Assignment: Skip the pictures and give back the rest of the listing exactly.

═════ Dataset entries ═════

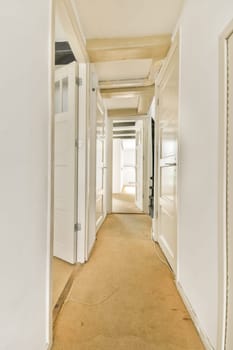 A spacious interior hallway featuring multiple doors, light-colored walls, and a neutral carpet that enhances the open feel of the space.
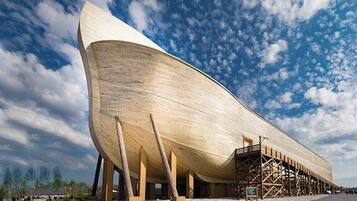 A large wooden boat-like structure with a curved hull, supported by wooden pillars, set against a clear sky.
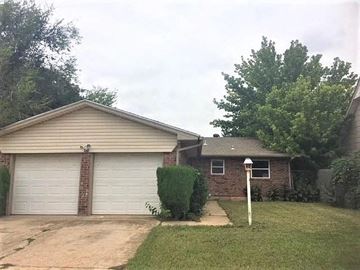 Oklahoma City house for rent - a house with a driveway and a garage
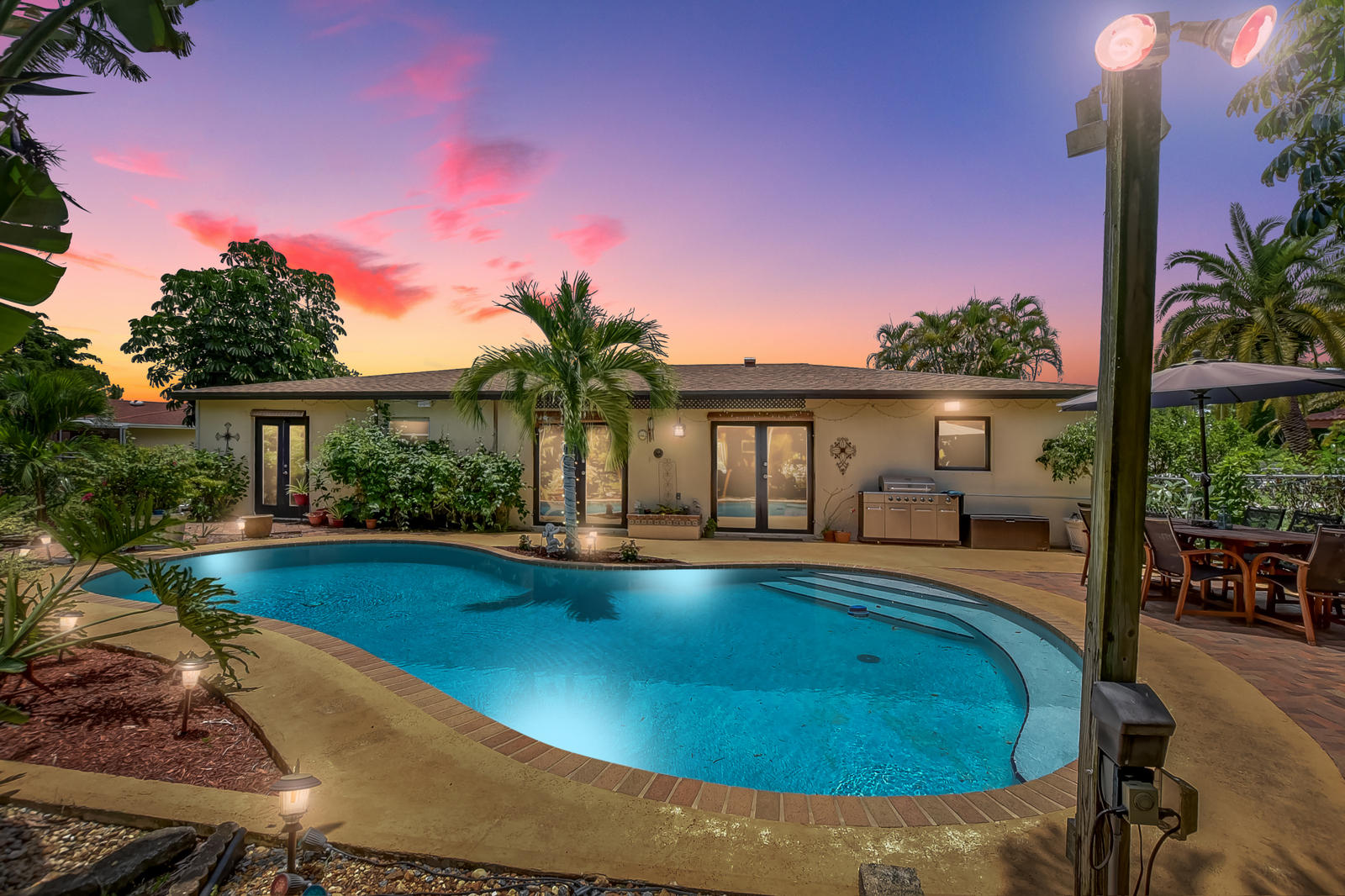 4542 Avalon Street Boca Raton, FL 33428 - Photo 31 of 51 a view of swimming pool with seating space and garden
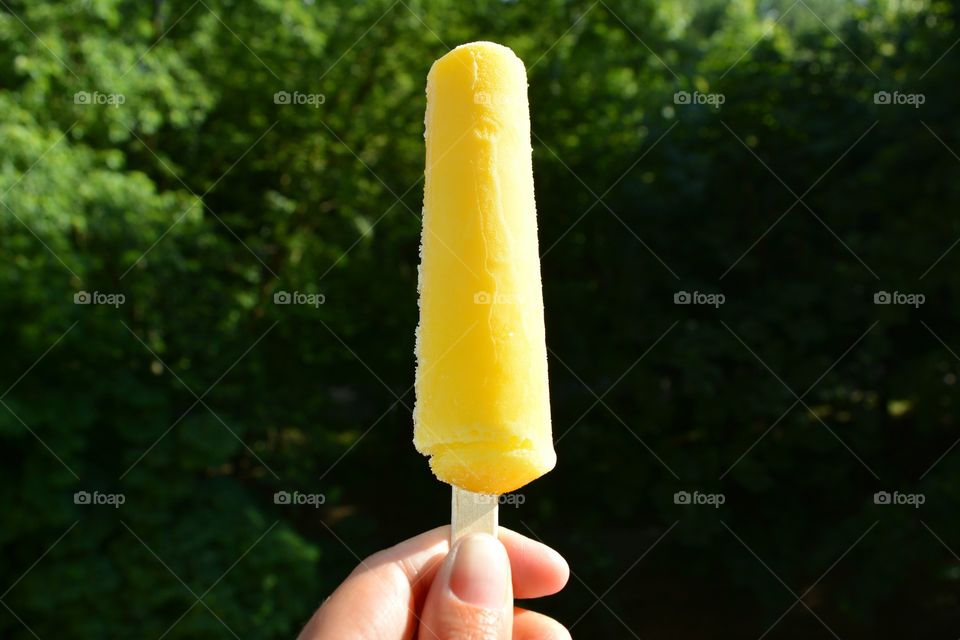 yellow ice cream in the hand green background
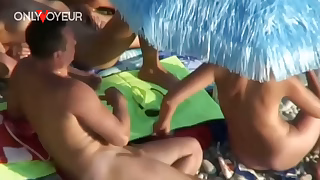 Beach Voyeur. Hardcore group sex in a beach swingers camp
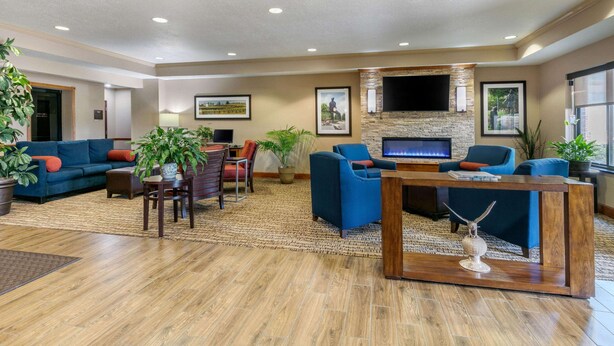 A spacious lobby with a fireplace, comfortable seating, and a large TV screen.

═════

Answer area:
 A spacious interior hallway featuring multiple doors, light-colored walls, and a neutral carpet that enhances the open feel of the space.
 A large wooden boat-like structure with a curved hull, supported by wooden pillars, set against a clear sky.
 Oklahoma City house for rent - a house with a driveway and a garage
 4542 Avalon Street Boca Raton, FL 33428 - Photo 31 of 51 a view of swimming pool with seating space and garden
 yellow ice cream in the hand green background
 Beach Voyeur. Hardcore group sex in a beach swingers camp
 A spacious lobby with a fireplace, comfortable seating, and a large TV screen.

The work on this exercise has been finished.